Check every line of the data for the string "Green" and copy the ones that have it.

(Items from a dataset)
•••••

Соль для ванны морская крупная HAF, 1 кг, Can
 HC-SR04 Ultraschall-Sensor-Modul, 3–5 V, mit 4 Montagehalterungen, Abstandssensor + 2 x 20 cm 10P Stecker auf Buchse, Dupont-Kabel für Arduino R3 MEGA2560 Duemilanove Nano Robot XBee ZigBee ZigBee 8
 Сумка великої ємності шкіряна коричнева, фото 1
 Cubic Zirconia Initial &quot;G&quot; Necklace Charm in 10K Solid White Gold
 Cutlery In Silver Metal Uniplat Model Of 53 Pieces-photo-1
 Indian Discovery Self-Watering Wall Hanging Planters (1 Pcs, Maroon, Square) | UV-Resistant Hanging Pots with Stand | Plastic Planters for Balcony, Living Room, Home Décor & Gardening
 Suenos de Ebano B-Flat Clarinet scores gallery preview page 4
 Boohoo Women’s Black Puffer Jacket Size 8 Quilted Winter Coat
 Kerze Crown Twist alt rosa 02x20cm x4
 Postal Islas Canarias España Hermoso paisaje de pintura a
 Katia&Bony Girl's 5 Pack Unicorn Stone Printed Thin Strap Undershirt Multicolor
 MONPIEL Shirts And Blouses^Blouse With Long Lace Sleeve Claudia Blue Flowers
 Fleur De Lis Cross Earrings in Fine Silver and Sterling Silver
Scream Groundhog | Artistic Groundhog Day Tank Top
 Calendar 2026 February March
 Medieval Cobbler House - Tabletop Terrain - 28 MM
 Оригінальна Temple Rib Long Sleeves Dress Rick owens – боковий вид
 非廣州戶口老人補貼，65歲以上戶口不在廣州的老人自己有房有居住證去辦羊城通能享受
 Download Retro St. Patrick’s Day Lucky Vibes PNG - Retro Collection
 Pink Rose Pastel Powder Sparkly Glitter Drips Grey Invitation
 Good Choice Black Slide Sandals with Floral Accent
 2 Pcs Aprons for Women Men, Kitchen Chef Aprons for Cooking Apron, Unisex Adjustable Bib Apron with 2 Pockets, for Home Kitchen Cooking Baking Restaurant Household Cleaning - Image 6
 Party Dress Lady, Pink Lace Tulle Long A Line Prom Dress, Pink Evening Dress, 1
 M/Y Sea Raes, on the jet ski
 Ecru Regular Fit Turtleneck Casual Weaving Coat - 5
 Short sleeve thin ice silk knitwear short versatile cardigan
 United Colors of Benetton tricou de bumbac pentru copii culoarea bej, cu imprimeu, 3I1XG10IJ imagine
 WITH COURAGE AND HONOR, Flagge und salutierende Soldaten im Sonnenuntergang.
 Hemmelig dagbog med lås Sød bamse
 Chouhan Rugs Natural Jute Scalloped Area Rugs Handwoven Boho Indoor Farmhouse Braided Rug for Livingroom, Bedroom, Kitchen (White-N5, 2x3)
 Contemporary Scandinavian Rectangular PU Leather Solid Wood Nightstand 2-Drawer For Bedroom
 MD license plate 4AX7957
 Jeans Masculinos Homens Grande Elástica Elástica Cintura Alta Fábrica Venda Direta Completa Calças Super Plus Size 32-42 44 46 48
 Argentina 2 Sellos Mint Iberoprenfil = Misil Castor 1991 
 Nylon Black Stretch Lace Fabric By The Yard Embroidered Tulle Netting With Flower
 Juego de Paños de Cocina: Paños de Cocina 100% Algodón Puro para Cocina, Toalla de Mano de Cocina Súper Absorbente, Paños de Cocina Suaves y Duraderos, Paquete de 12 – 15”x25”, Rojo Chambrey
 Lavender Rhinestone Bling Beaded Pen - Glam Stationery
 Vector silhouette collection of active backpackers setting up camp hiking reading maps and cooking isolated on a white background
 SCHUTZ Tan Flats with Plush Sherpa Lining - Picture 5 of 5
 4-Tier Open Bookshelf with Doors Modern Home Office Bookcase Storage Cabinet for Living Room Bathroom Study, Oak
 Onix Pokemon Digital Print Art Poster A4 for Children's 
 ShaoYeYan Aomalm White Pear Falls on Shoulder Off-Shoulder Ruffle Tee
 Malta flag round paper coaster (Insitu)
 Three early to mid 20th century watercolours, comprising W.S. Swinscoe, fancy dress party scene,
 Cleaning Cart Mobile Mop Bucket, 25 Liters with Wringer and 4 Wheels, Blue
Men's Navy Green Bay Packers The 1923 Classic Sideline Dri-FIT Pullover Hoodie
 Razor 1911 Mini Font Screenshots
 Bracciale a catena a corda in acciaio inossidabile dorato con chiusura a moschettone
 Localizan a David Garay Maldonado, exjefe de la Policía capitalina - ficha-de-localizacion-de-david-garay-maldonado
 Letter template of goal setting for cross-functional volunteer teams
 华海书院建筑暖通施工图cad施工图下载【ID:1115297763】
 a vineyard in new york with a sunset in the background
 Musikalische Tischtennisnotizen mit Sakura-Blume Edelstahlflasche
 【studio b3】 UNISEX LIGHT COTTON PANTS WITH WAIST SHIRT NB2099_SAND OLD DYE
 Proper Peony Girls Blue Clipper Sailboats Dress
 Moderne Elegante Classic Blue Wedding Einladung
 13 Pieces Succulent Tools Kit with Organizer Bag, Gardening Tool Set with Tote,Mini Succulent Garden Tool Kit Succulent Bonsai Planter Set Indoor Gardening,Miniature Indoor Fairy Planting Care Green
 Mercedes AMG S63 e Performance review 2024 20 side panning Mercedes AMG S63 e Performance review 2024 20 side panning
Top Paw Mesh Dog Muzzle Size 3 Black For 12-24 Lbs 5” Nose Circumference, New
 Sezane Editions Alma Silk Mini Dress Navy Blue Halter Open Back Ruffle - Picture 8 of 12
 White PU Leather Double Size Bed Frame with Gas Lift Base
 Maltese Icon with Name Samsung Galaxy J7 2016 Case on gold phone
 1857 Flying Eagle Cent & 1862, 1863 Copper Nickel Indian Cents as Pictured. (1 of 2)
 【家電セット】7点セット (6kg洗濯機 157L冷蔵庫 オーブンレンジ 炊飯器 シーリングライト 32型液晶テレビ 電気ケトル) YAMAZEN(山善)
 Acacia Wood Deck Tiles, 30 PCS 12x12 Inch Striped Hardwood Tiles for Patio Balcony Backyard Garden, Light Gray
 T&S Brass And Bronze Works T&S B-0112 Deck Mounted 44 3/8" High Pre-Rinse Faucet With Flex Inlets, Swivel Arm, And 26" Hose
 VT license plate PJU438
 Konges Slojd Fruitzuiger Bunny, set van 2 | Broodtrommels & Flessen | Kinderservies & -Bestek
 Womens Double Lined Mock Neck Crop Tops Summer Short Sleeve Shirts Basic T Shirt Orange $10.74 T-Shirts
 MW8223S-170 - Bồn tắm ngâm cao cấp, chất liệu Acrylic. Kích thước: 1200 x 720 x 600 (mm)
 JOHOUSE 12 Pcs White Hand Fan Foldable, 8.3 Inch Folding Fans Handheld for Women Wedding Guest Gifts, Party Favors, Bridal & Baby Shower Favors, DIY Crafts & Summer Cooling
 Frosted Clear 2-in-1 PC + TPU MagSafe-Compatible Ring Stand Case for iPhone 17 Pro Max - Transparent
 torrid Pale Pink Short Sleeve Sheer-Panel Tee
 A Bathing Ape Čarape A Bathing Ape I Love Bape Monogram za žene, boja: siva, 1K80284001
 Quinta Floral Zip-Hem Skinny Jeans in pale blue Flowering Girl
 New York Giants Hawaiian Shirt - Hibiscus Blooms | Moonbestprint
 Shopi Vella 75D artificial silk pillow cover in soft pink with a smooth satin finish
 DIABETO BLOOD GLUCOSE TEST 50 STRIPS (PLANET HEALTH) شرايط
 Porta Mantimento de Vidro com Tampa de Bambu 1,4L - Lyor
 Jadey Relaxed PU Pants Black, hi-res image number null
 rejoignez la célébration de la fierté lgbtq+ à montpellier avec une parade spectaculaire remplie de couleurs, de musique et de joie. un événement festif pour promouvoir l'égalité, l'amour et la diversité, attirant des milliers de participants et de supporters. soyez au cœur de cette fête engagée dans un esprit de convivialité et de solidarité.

•••••

Solution for this task:
Men's Navy Green Bay Packers The 1923 Classic Sideline Dri-FIT Pullover Hoodie
 13 Pieces Succulent Tools Kit with Organizer Bag, Gardening Tool Set with Tote,Mini Succulent Garden Tool Kit Succulent Bonsai Planter Set Indoor Gardening,Miniature Indoor Fairy Planting Care Green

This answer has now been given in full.